** PROVIDED RECORDS follows **

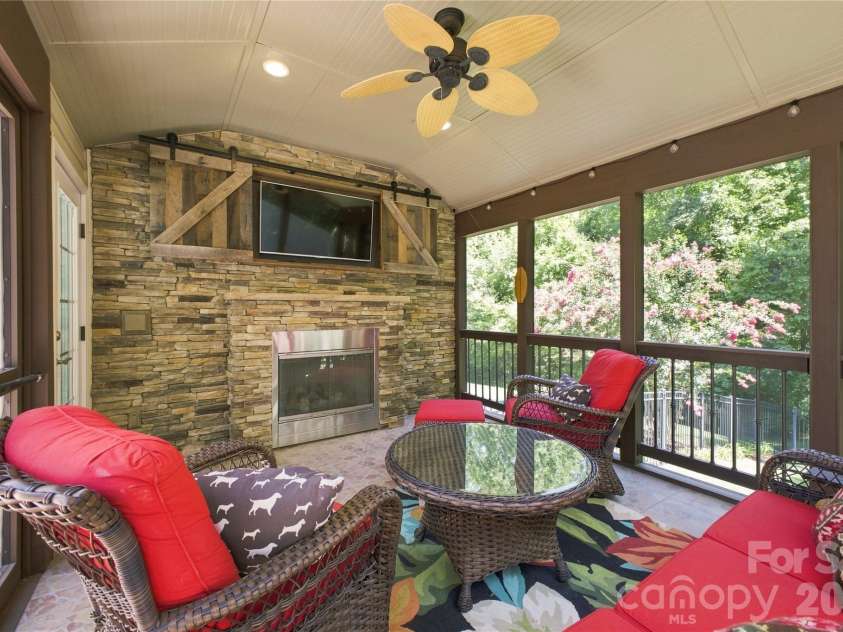 11019 King George Lane, Waxhaw, NC 28173.  MLS# CAR4418983, YatesRealty ID 51626. 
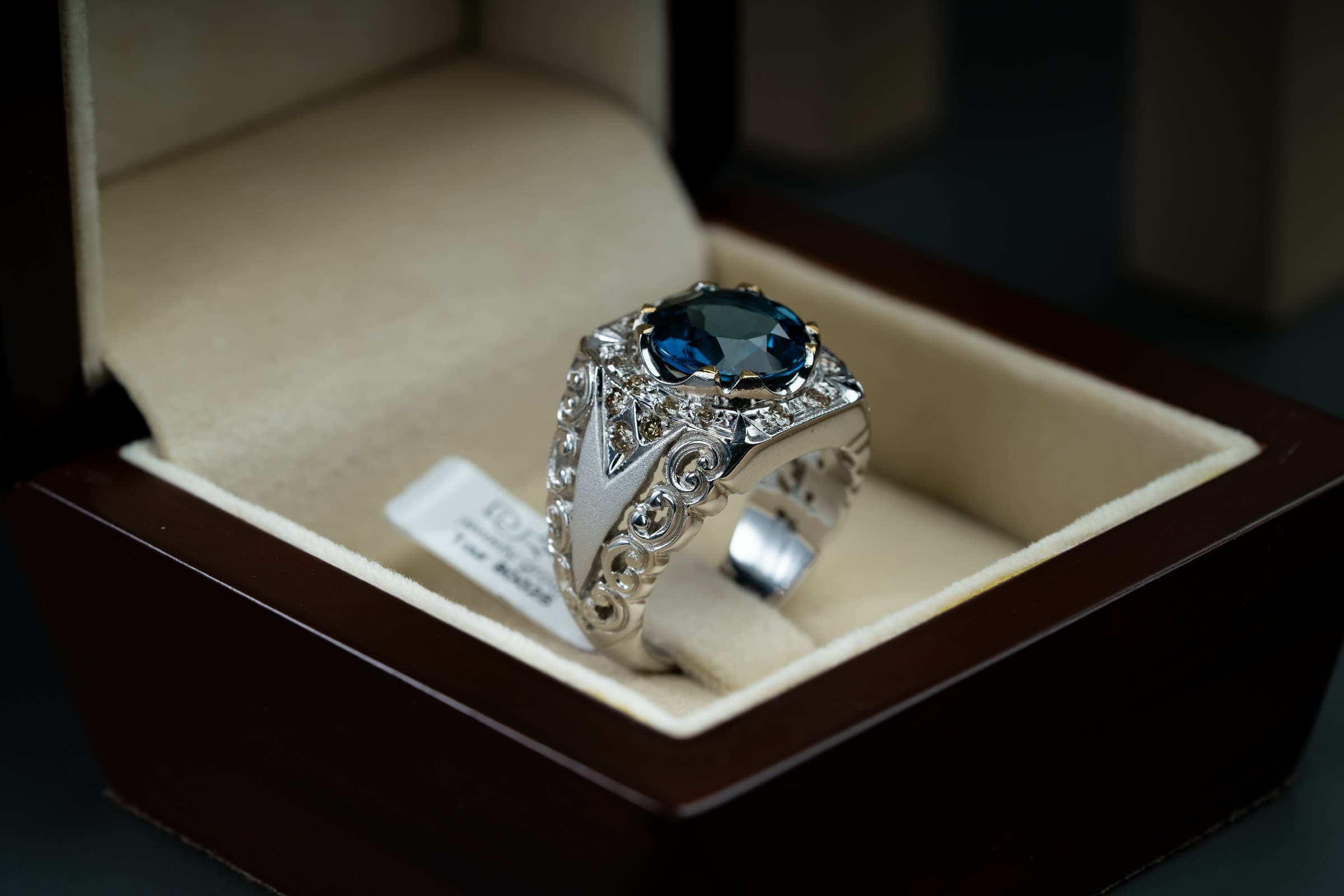 خاتم رجالي فاخر بحجر التوباز مع ترصيع الماس - تشكيلة الرجال, خواتم رجالية, توباز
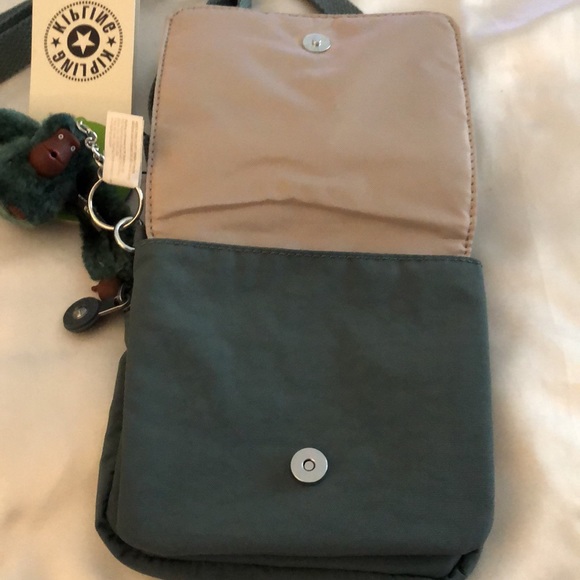 Kipling NWELDORADO Light Aloe Tonal Nylon Crossbody With Monkey Key Chain NWT - Picture 9 of 15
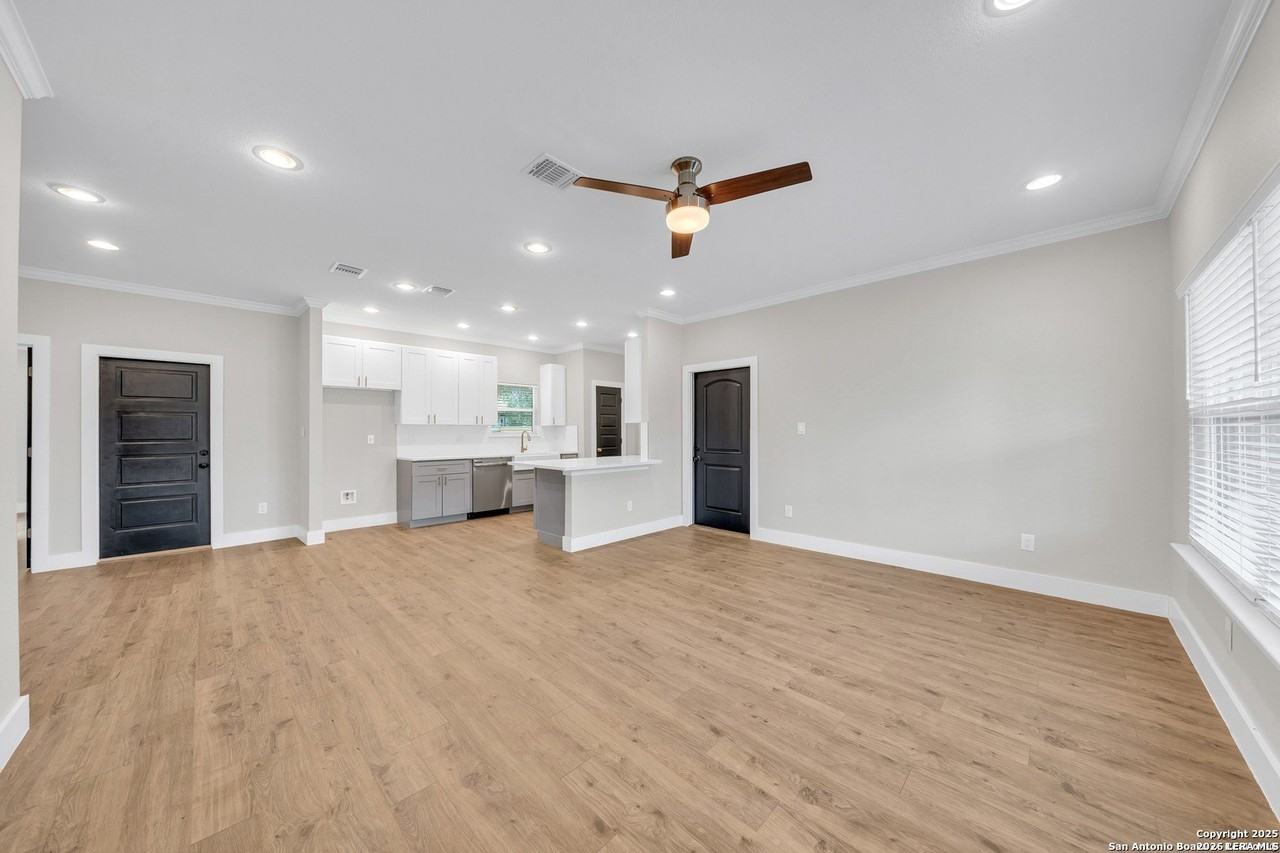 4130 Moana Dr - Photo 4 of 22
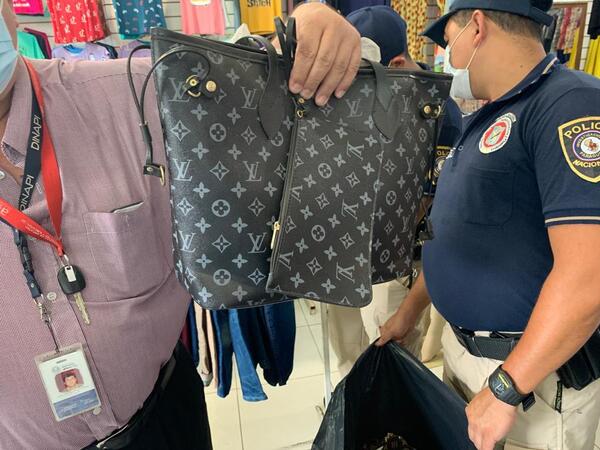 Dinapi y Ministerio Público incautan prendas y accesorios falsificados de tienda cercana a la Terminal - .::Agencia IP::.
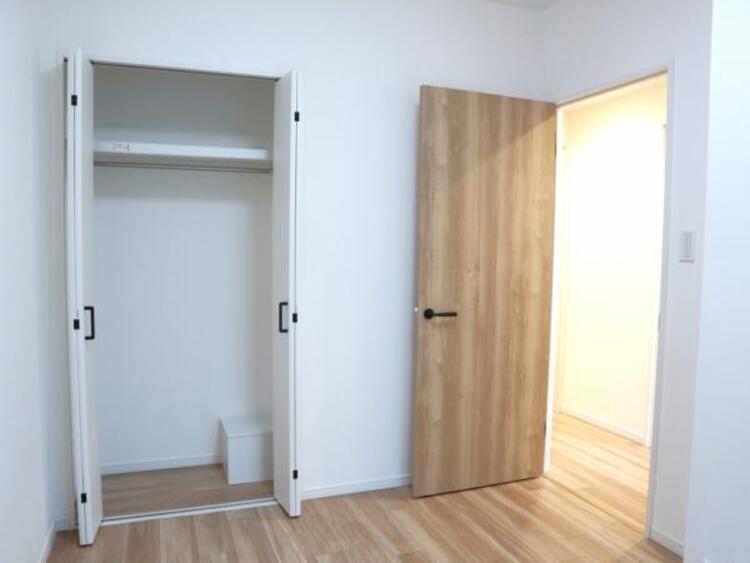収納 クローゼットには棚やハンガーパイプが付いており、スーツや上着などがスッキリ収納可能です。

** End of PROVIDED RECORDS **

Every line above should be printed again word for word, without its pictures.

- _ANSWER SPACE_
 11019 King George Lane, Waxhaw, NC 28173.  MLS# CAR4418983, YatesRealty ID 51626. 
 خاتم رجالي فاخر بحجر التوباز مع ترصيع الماس - تشكيلة الرجال, خواتم رجالية, توباز
 Kipling NWELDORADO Light Aloe Tonal Nylon Crossbody With Monkey Key Chain NWT - Picture 9 of 15
 4130 Moana Dr - Photo 4 of 22
 Dinapi y Ministerio Público incautan prendas y accesorios falsificados de tienda cercana a la Terminal - .::Agencia IP::.
収納 クローゼットには棚やハンガーパイプが付いており、スーツや上着などがスッキリ収納可能です。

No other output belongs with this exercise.